### How to complete this task
In the entries below, locate the line with "Rlaarlo 1/10 Scale", then give again that line and all lines after it, exactly, with pictures omitted.

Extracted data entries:
##########

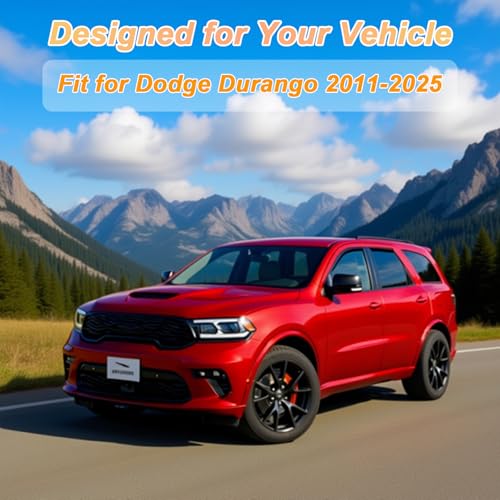 R-GEE in-Channel Window Rain Guards Fit for Dodge Durango 2011-2025, Extra Durable Window Deflectors, Vent Window Visors Exterior Car Accessories, 4 Pieces by R-GEE - Used condition - CA$26.74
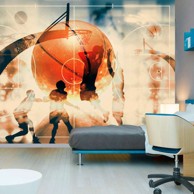 Samoljepljiva foto tapeta I love basketball! 294x210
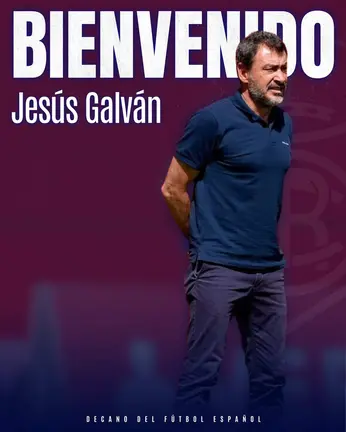 Jes&uacute;s Galv&aacute;n dirigir&aacute; al Recre desde el banquillo.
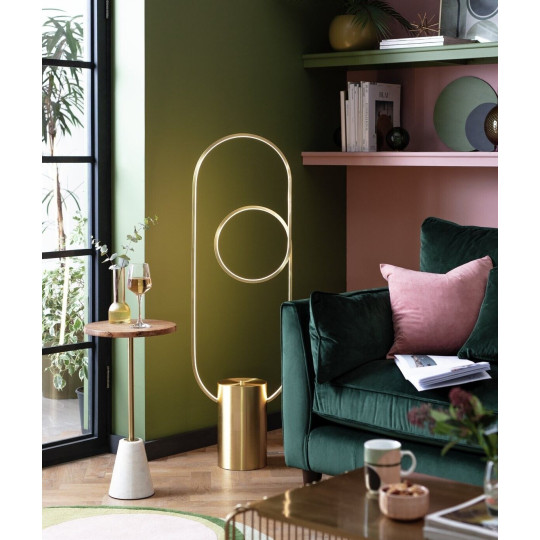 Pill LED Floor Lamp - Brushed Brass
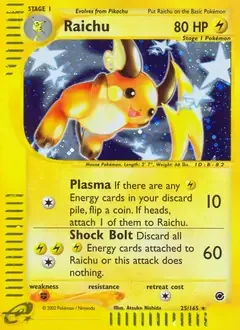 Raichu Holo 25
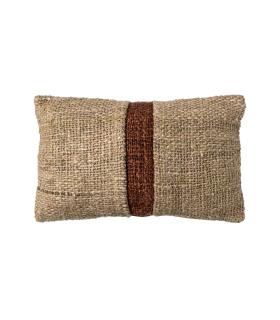COJÍN BEIGE-TEJA VISCOSA-ALGODÓN 30 X 50 CM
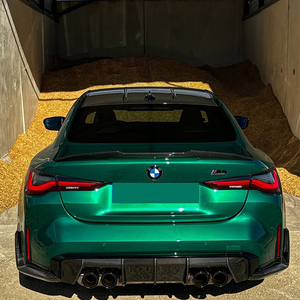 Aileron de coffre arrière en fibre de carbone sèche style PSM pour BMW Série 4 G22 Coupé & M4 G82 2020-2026 - Product Image 6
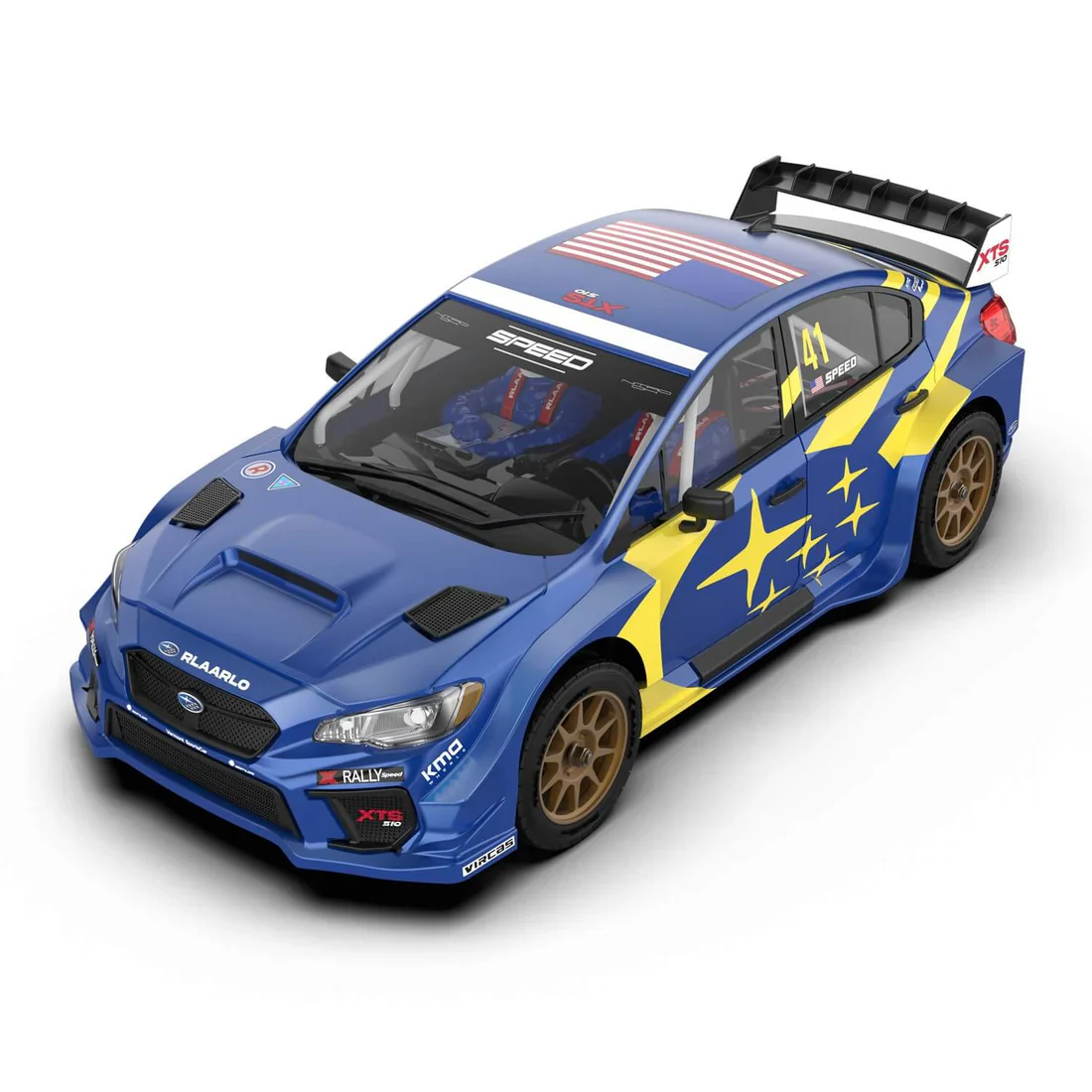 Rlaarlo 1/10 Scale RTR 4WD Carbon Fiber Brushless RC Rally Car - Image 9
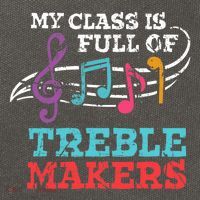 My class is full of treble makers /Back2School Music teacher Cotton Canvas Backpack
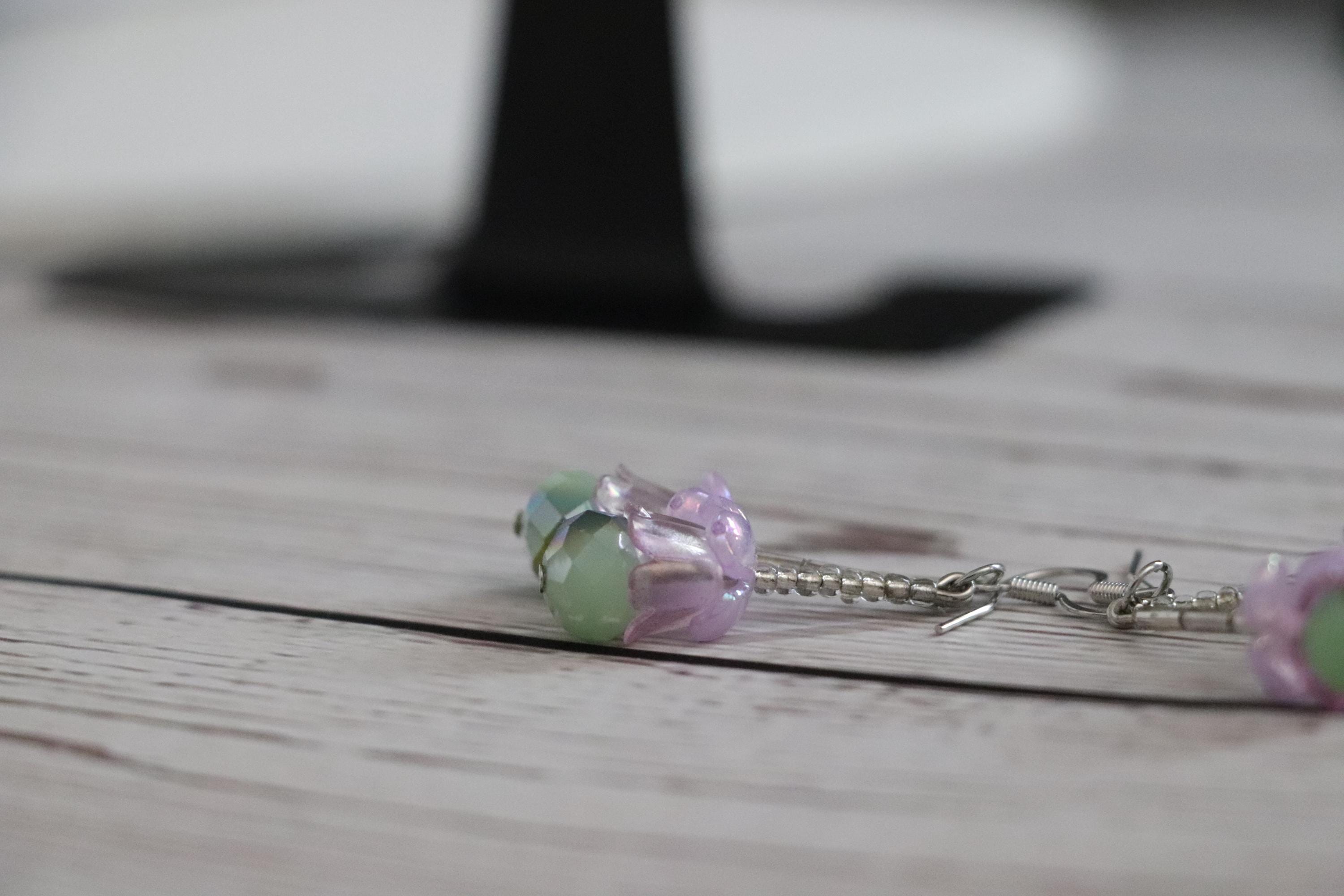 Green Dangle Earrings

##########

### Solved exercise
 Rlaarlo 1/10 Scale RTR 4WD Carbon Fiber Brushless RC Rally Car - Image 9
 My class is full of treble makers /Back2School Music teacher Cotton Canvas Backpack
 Green Dangle Earrings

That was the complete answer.